Robert Fink works in the video game industry as a 3-D artist. His girlfriend, Angel White, is a web developer.
They love each other, and they love video games. When it came time to conjuring up a proper proposal, Fink set out to make a game of it.
Fink said he spent five months working on the project that would become Knight Man, A Quest For Love. He did the art design, while one friend handled the programming and another friend put together the musical score.
When it came time for the big reveal, Fink brought White to his office in Oregon City, SuperGenius Studios, and said she was going to be testing out a new game.
She had done it before, so nothing seemed out of the ordinary.
Then, after making it to the end of the game that Fink describes as a more basic Super Mario-like adventure, the real drama began to unfold.
As the hero approached the rescued princess, these words appeared on the screen: "I have searched far and wide and braved many dangers searching for my one and only.
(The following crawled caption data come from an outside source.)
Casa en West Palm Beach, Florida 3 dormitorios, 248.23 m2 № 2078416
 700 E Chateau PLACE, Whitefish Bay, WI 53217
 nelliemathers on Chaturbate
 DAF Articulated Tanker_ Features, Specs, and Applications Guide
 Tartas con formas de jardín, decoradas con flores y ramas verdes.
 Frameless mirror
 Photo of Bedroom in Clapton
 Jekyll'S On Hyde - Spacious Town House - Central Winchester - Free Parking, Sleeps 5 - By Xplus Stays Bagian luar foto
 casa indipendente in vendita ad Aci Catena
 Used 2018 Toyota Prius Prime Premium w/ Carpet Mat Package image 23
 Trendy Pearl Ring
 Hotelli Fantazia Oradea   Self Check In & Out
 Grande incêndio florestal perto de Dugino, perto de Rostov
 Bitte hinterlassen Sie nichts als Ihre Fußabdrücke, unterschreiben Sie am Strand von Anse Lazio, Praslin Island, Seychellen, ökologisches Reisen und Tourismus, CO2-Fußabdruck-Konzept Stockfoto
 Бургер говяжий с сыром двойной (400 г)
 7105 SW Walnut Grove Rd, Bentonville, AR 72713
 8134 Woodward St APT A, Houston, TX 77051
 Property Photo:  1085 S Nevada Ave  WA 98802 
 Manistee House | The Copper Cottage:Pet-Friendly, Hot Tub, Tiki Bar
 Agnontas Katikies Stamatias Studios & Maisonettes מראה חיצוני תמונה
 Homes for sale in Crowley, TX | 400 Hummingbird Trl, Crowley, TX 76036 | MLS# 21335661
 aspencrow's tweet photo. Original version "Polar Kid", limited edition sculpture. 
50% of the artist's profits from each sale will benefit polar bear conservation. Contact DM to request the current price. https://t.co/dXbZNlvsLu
I believe with all my heart that I have found you."
White immediately began to react, but the next screen would blow her away.
"Angel White, will you do me the honor of sharing your life with me?"
Cameras captured her tearful, joyous reaction.
"I was so excited, and so happy and nervous, and just exploding with emotion," she said. "It was awesome and then just realizing that he made this, it was incredible."
In true video game fashion, White had a choice to make before finishing out her quest. The final screen asked her to choose, "Yes" or "No."
She, of course, picked "Yes."
The knight then carried off the princess as fireworks exploded in the background of the virtual world. In the real world, Fink had friends and family waiting in the wings to celebrate the proposal he made using pixels.
White wanted to share the game made for her by her new fiance, so she developed a website that tells their story and allows computer users to play Knight Man. It can be found at www.pixelproposal.com.
"It's really flattering to see people play it and say really nice things, and share it with the world," Fink said. "It's kind of surreal."